• Activity: Please print every record below exactly as it appears.

(Items from a dataset)
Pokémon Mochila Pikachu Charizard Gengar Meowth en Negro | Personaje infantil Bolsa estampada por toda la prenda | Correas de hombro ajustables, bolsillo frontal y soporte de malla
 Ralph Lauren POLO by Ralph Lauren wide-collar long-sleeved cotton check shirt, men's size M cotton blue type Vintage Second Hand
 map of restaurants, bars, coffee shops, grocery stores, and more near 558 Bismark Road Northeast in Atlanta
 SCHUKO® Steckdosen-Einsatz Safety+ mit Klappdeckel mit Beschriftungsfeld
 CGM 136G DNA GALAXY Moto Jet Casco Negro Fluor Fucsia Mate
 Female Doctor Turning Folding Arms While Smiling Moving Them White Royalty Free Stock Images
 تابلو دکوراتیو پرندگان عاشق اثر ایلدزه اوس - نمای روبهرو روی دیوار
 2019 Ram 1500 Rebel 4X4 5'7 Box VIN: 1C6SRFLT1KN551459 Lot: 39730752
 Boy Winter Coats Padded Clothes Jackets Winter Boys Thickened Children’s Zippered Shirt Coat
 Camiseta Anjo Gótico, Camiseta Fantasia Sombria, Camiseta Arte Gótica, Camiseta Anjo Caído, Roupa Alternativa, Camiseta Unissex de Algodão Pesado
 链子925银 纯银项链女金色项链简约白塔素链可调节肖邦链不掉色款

• Your response:
Pokémon Mochila Pikachu Charizard Gengar Meowth en Negro | Personaje infantil Bolsa estampada por toda la prenda | Correas de hombro ajustables, bolsillo frontal y soporte de malla
 Ralph Lauren POLO by Ralph Lauren wide-collar long-sleeved cotton check shirt, men's size M cotton blue type Vintage Second Hand
 map of restaurants, bars, coffee shops, grocery stores, and more near 558 Bismark Road Northeast in Atlanta
 SCHUKO® Steckdosen-Einsatz Safety+ mit Klappdeckel mit Beschriftungsfeld
 CGM 136G DNA GALAXY Moto Jet Casco Negro Fluor Fucsia Mate
 Female Doctor Turning Folding Arms While Smiling Moving Them White Royalty Free Stock Images
 تابلو دکوراتیو پرندگان عاشق اثر ایلدزه اوس - نمای روبهرو روی دیوار
 2019 Ram 1500 Rebel 4X4 5'7 Box VIN: 1C6SRFLT1KN551459 Lot: 39730752
 Boy Winter Coats Padded Clothes Jackets Winter Boys Thickened Children’s Zippered Shirt Coat
 Camiseta Anjo Gótico, Camiseta Fantasia Sombria, Camiseta Arte Gótica, Camiseta Anjo Caído, Roupa Alternativa, Camiseta Unissex de Algodão Pesado
 链子925银 纯银项链女金色项链简约白塔素链可调节肖邦链不掉色款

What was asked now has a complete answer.